Roles Terms & Concepts

Role

It's an IAM identity created in your account with some specific permissions, and although IAM roles are similar to an IAM user in some aspects, they are always intended to be assumable by anyone who needs it instead of being uniquely associated with one person. Roles can be used by following:
  1. An IAM user in the same AWS account as the role.
  2. An IAM user in a different AWS account than the role.
  3. A web service offered by AWS like Amazon Elastic Compute Cloud (EC2).
  4. An external user authenticated by an external identity provider (IdP) service that is compatible with SAML 2.0 or OpenID Connect, or a custom-built identity broker.

AWS Service Role

It's a role assumed by any service in order to perform actions in your account on your behalf, hence, you have to always define a role for the service to assume while setting-up some AWS service environments.

AWS Service Role for an EC2 Instance

This is a special type of role that an application running on an Amazon EC2 instance can easily assume to perform actions in your account. This role is always assigned to the EC2 instance when it's launched.

AWS Service Linked Roles

It's a unique type of service role linked directly with an AWS service and they are generally predefined by the service having all the required permissions needed by a service to call the other AWS services on your behalf.

Role Chaining

If you use a role to assume a second role via AWS CLI or AWS API, then it is called role chaining.

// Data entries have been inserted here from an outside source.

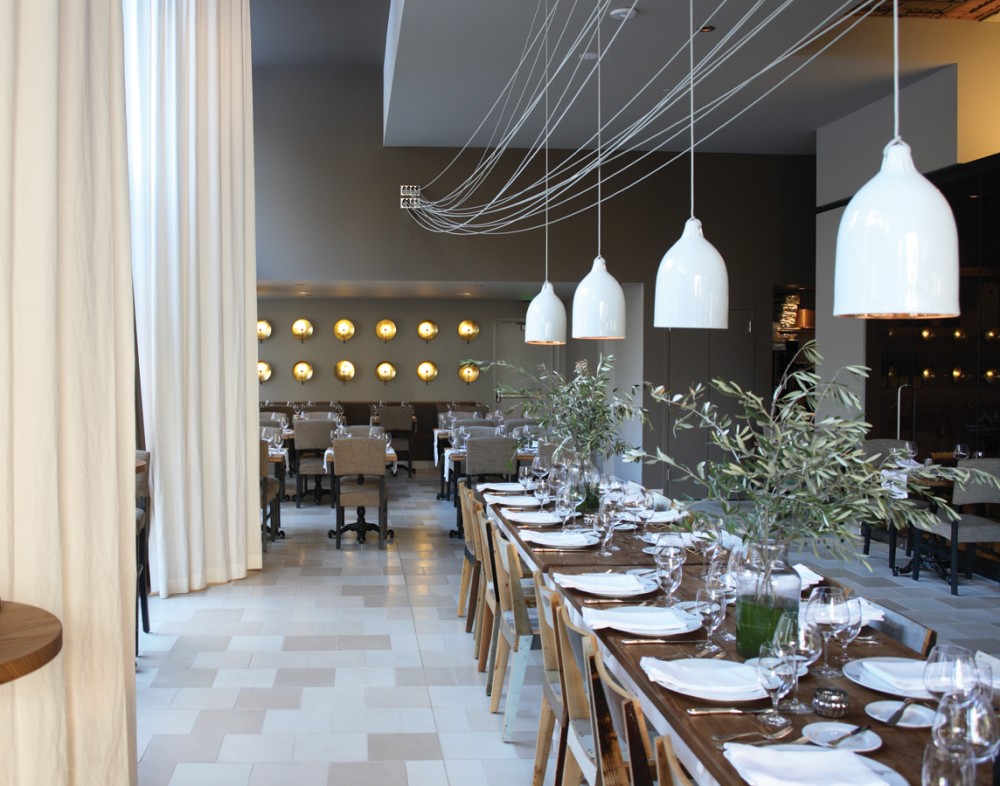 Ella Dining Room and Bar / UXUS
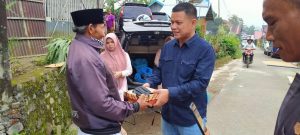 Anggota DPRD Kabupaten Tanah Datar, Deddi Irawan membagikan bantuan masker dan hand sanitizer kepada warga Nagari Pandai Sikek dan Koto Laweh, Kecamatan X Koto, Minggu (12/04/2020).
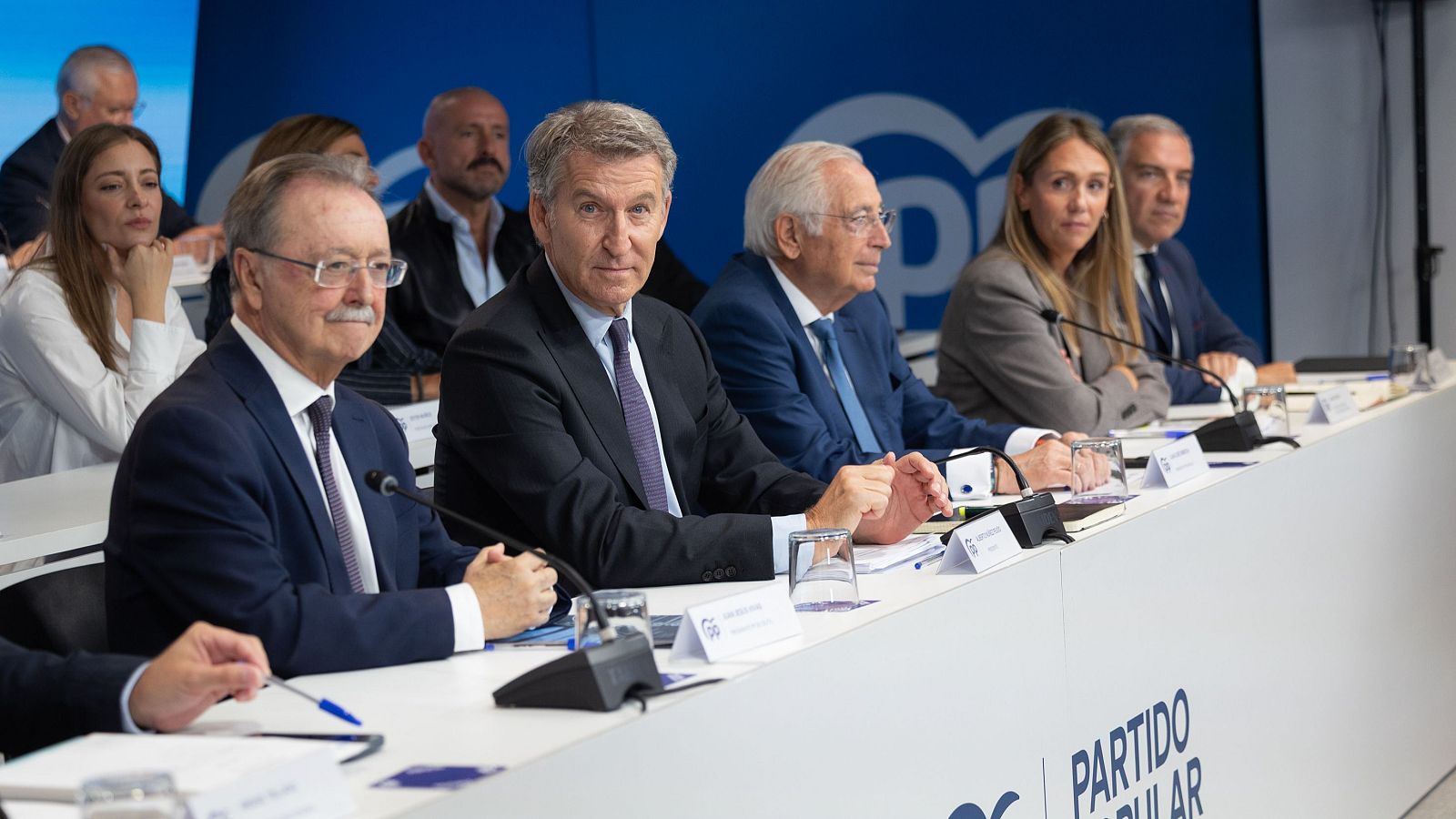 El presidente del Partido Popular, Alberto Núñez Feijóo, junto a los presidentes de Ceuta y Melilla, Juan Jesús Vivas y Juan José Imbroda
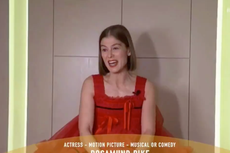 Rosamund Pike menciona a Rudy Giuliani por la infame escena de “Borat” en su discurso de los Globos de Oro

However, it also limits your AWS CLI or AWS API role session to a maximum of one hour.

Delegation

If you would like to grant permissions to others to allow access to your resources, then, delegation can help you in setting up trust between the two accounts. The first one owns the resource (i.e. the trusting account) and second one contains the users in need of access to that resource (i.e. trusted account) and they can be any one of the following:
  1. The same account.
  2. Separate accounts that are both under your organization's control.
  3. Two accounts owned by different organizations.

Federation

It's related to the creation of a trust relationship between an external identity provider and AWS and whenever you use OIDC and SAML 2.0 to configure a trust relationship between these two, the user is assigned to an IAM role. The user also receives temporary credentials to access your AWS resources.

Federated User

You can also use the existing identities from AWS Directory Service, your enterprise user directory, or a web identity provider (instead of creating an IAM user), also known as federated users.

Trust Policy

It's a JSON policy document defining the principals that you trust to assume the role. A role trust policy is a required resource-based policy attached with a role in IAM.

Permissions Policy

This document is in JSON format, and defines the actions as well as resources the roles can use. It's written according to the rules of the IAM policy language.

Permissions Boundary

As the name suggests, it's an advanced feature limiting the maximum permissions that an identity-based policy can grant to a role. However, a permissions boundary is not applied to a service-linked role.

Principal

It can perform actions and access resources in AWS. It can be an AWS account root user, an IAM user, or a role. In order to access a resource, the permissions can be granted in one of the two ways:
  1. You can attach a permissions policy to a user (directly, or indirectly through a group) or to a role.
  2. The services supporting resource-based policies can help in identifying the principal via principal element of a policy attached to the resource.

Role for Cross-account Access

 It's a role that can grant access to a resource in one account to a trusted principal in a different account.